FILE PHOTO: May 13, 2021; Denver, Colorado, USA; Logos for the 2021 MLB All-Star Game are on display during the fourth inning of the game between the Colorado Rockies and the Cincinnati Reds at Coors Field. Mandatory Credit: Isaiah J. Downing-USA TODAY Sports/File Photo
June 8, 2021
By Jonathan Stempel
NEW YORK (Reuters) -Major League Baseball on Monday opposed a demand by a conservative small business group that it return next month’s All-Star Game to Atlanta, after moving the game in response to Georgia’s restrictive new voting law.
MLB and Commissioner Rob Manfred accused the Job Creators Network of “political theatrics” in filing a $1 billion lawsuit over their decision to move the July 13 game to Denver’s Coors Field from Truist Park outside Atlanta.
The defendants said the group could not show its members were injured or denied their civil rights, and said moving the game served the public interest by protecting baseball’s ability to “demonstrate its values as a sport.”
Howard Kleinhendler, a lawyer for Job Creators Network, said MLB had wrongly ignored how its decisions had hurt the group’s members. “Small businesses in Georgia certainly don’t feel as if JCN’s lawsuit is ‘political theatrics,’” he said in a statement.
Baseball’s players union and its Executive Director Tony Clark, both named as co-defendants, also opposed a preliminary injunction to move the game back to Atlanta, and said they had no role in deciding where it should be played.
MLB and the union made their arguments in filings in Manhattan federal court.
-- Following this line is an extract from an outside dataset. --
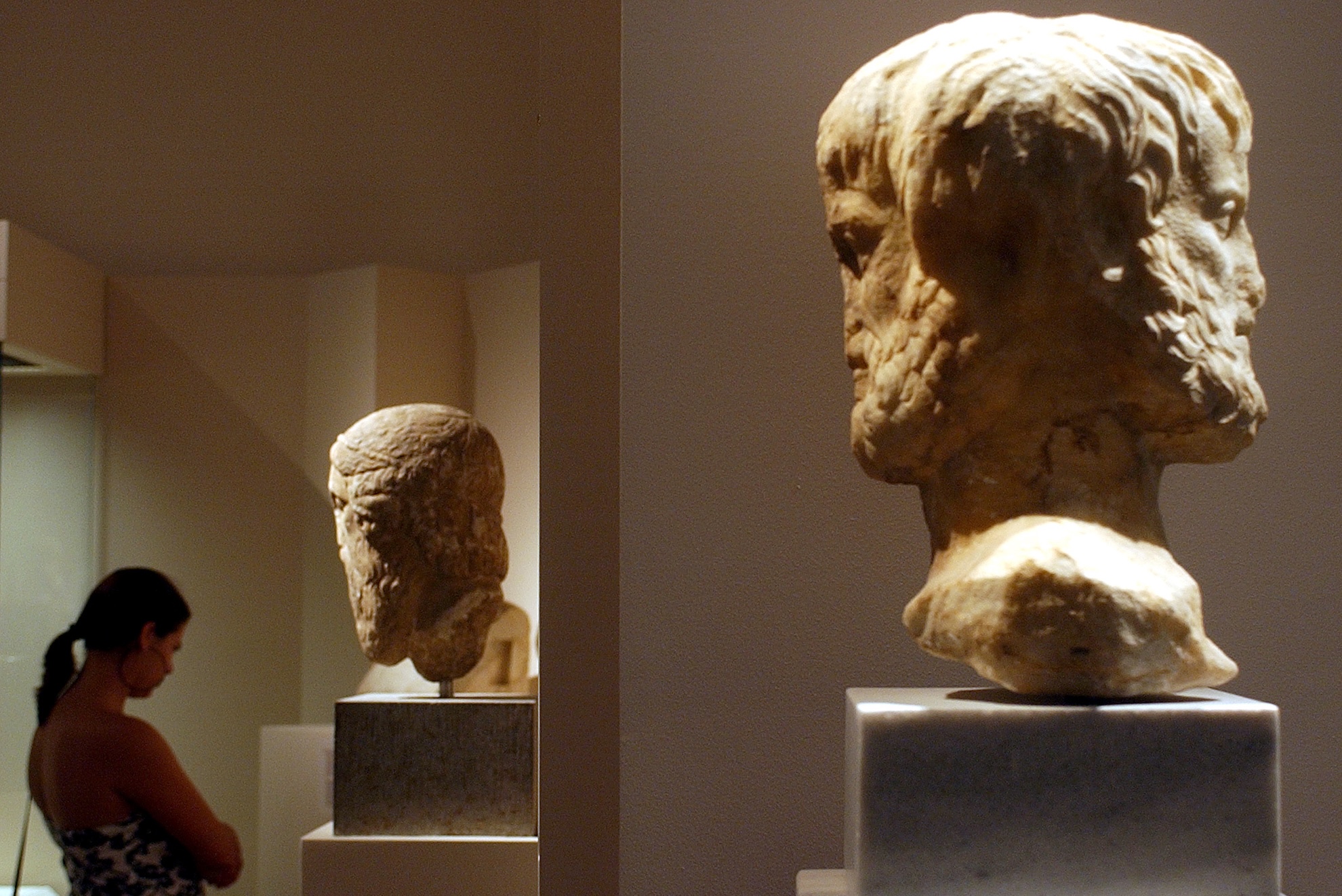A visitor admires a marble bust of ancient Greek philosopher Aristotle LaPresse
A hearing is scheduled for Thursday before U.S. District Judge Valerie Caproni.
Signed in March by Republican Governor Brian Kemp, Georgia’s voting law added identification requirements for absentee ballots, limited drop boxes, and made it a crime to give water and food to people waiting on line to vote. [nL1N2LN2IO}
Opponents have said the law was designed to suppress voting by Blacks.
In its May 31 complaint, Job Creators Network said MLB’s actions violated a 150-year-old law designed to combat the Ku Klux Klan, and demanded a $100 million fund for harmed Georgia businesses.
MLB countered by quoting the group’s President Alfredo Ortiz as saying on June 1 that if the fund were established, it would be “fine” if the All-Star Game were not returned to Atlanta.
The case is Job Creators Network v Office of the Commissioner of Baseball et al, U.S. District Court, Southern District of New York, No. 21-04818.